Eles demonstram que não mudam o futuro da publicidade apenas com tecnologia. Eles demonstram a genialidade de saber o básico sobre marketing de consumo: conhecer o seu consumidor e o que o engaja. E aqui, eles sabiam muito bem usar um dos primeiros princípios da publicidade, que é atingir o sentimento de seu consumidor, causando emoção.

A VW sabia que ao tocar cada pessoa com essa campanha, desmontaria qualquer racionalização que poderia ser feita, dando então "passe livre" para que ninguém notasse todos os problemas de "uma ação tão linda".

A ação você já deve ter visto pois viralizou. Em comemoração aos 70 anos no Brasil, a VW colocou no ar um comercial "emocionante" onde as protagonistas são Maria Rita, e sua mãe, que faleceu em 1982, Elis Regina. Como? Usando Inteligência Artificial para substituir o rosto de atitudes de uma dublê, por um "avatar" da Elis Regina. Essa é uma tecnologia chamada de "deepfake".

Não, não é um episódio de Black Mirror - por mais que pareça. Em concordando com a Anitta, seria até melhor que essa última temporada.

A musica do comercial é simplesmente "Como nossos pais", de Belchior, mas um hino para a cantora Elis Regina em todas suas performances poderosas e carregando nessa potência o significado de uma letra tão importante para a época vivida.

Mas aqui você já está emocionado demais para perceber o problema disso tudo.

O primeiro deles é que Elis Regina foi uma pessoa que, através de seus posicionamentos sociais e sua arte, demonstrava, em plena época em que fez sucesso justamente com essa música, ser contra a ditadura militar em vigor, que além de tudo, silenciava a arte da qual ela fazia parte.

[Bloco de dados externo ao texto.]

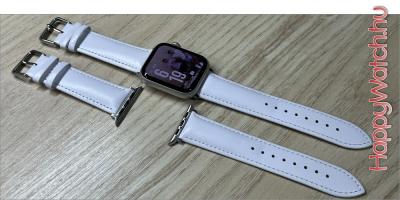 Apple Watch fehér bőr óraszíj0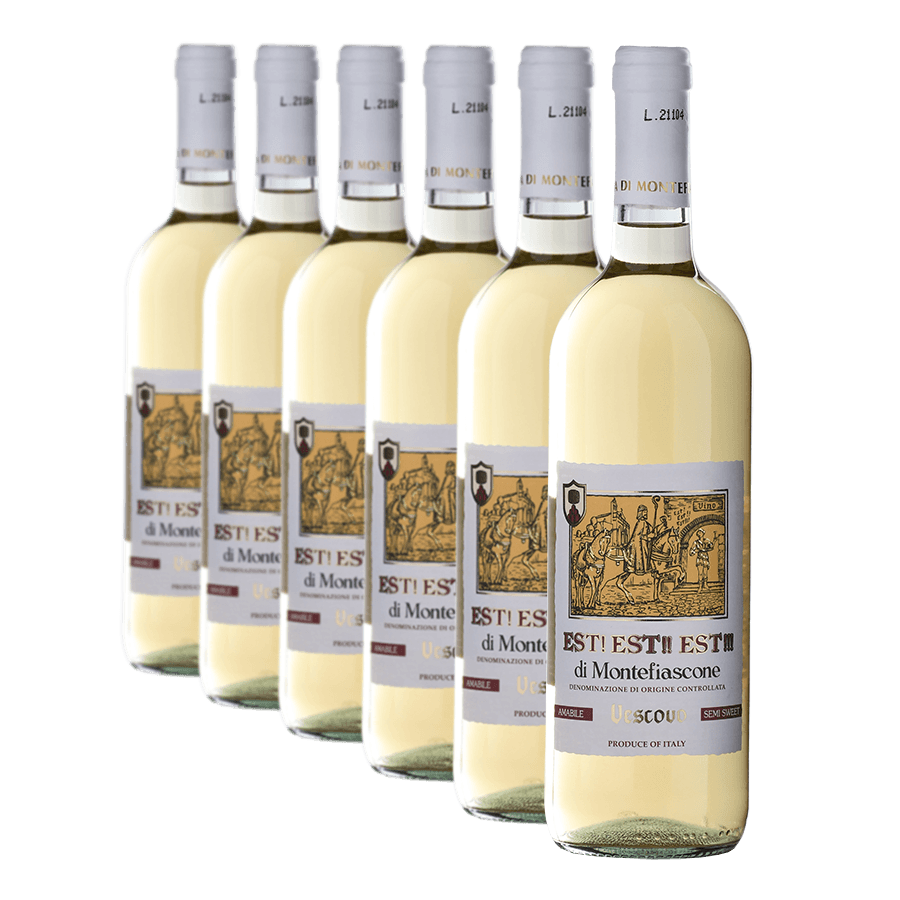 Confezione da 6 est! est!! est!!! amabile DOC 2024 - Cantina di Montefiascone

E aqui vemos a voracidade em sua interpretação de "Como nossos pais". A música é uma crítica direta à ditadura militar e tudo que vinha ocorrendo contra muitas pessoas no Brasil, mas também à ela própria, Elis.

De forma muito engenhosa, a propaganda focou apenas em conectar com as estrofes que queriam que você entendesse, retirando as partes que deixavam mais explícita a crítica a tudo que a propaganda representa.

Então até que você soubesse a origem da letra e o posicionamento da Elis, você já estaria tomado pela emoção para conseguir racionalizar isso tudo. E aí você aplaude o golaço, aos prantos, como em final de mundial.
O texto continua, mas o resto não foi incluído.